A consommer dans les deux ou trois jours après cueillette, comme tous les champignons il faut la nettoyer avec un linge humide et surtout pas la passer sous l'eau du robinet, ce qui gorgerait ses alvéoles et la tendrait insipide.
On en trouve parfois sur les étals des marchés, mais la plupart du temps elle s'achète séchée, ce qui permet de la cuisiner toute l'année. 
Elle fait partie des champignons qui ne se consomment pas crus car elle contient une substance dangereuse pour les globyles rouges, l'hémolysine, qui disparaît à la chaleur après 15 minutes de cuisson, ou à la déshydratation. Sa texture ferme supporte les cuissons longues en sauce ou dans un jus dont elle arrondit le goût. 

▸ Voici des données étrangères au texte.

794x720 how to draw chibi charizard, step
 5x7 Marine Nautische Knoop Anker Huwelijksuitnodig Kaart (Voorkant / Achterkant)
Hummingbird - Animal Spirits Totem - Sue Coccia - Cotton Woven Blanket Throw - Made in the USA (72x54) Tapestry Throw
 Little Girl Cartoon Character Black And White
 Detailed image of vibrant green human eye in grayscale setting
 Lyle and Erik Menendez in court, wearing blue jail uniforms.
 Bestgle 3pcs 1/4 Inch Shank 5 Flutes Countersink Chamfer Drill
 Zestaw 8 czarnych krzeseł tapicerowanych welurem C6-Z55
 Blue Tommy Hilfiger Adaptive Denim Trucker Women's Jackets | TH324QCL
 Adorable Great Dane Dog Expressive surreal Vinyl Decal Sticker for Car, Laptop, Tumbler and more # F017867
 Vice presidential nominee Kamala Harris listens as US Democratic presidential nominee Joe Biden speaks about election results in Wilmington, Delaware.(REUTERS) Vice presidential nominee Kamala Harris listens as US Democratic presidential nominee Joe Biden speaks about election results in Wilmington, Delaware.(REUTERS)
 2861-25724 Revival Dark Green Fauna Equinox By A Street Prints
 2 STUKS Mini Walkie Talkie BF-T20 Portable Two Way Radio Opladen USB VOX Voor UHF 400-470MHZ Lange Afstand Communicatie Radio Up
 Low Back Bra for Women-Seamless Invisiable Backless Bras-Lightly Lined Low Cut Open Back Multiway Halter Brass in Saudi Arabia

La morille s'accorde avec tout, viandes blanches ou rouges, veau, agneau,boeuf, volailles (le fameux poulet au vin jaune et aux morilles) ou poissons. Elle sublime les oeufs, le riz et les pâtes, et n'aime tant rien que les petits légumes nouveaux. C'est un délice sur des asperges, avec une bonnotte de Noirmoutier, des petits navets, des fèves ou des petits pois. 
Quand on la réhydrate on utilise bien sûr son eau de trempage. Dans un risotto, une sauce crémée, pour corser son goût. 
Sèche on peut la mixer et la saupoudrer sur un filet de sole ou de limande, un suprême de volaille.
Les plus aventureux oseront incorporer cette poudre dans un dessert, sous forme de tuile, de biscuit, dans un sabayon ou une crème brûlée.
Enfin, bonne fille elle s'accorde à la plupart des vins, blancs ou rouges, complexes ou faciles. 
Son seul défaut est son prix, assez élevé, mais la puissance de ses arômes permet de l'utiliser en petite quantité. Et puis vous connaissez la chanson... le prix du burger de fastfood, toussa, toussa.